Would you give the listing back word for word once its pictures are removed?

#### Given material ####

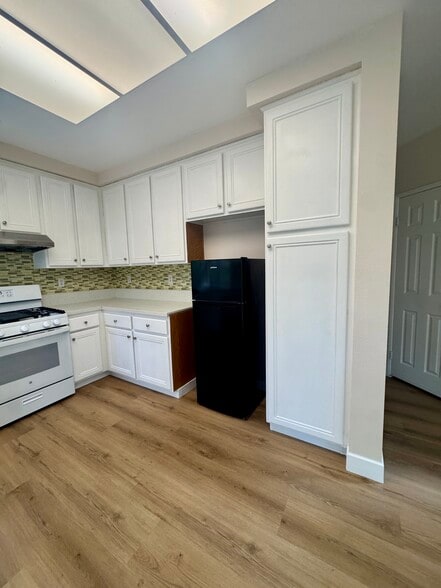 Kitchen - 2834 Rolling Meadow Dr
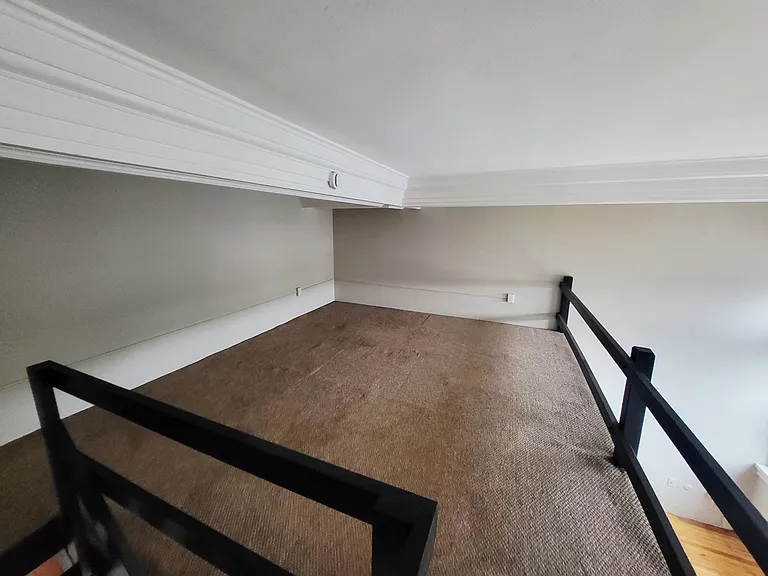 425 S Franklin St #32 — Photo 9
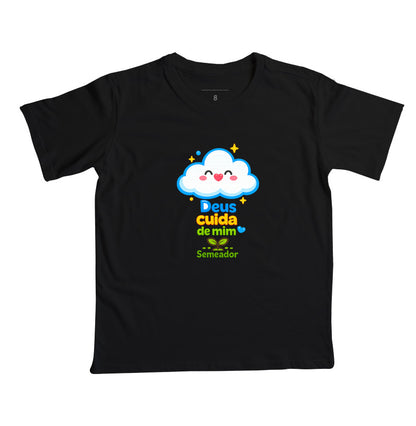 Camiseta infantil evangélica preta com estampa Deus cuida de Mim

####

▶ _The completed task_:
 Kitchen - 2834 Rolling Meadow Dr
 425 S Franklin St #32 — Photo 9
 Camiseta infantil evangélica preta com estampa Deus cuida de Mim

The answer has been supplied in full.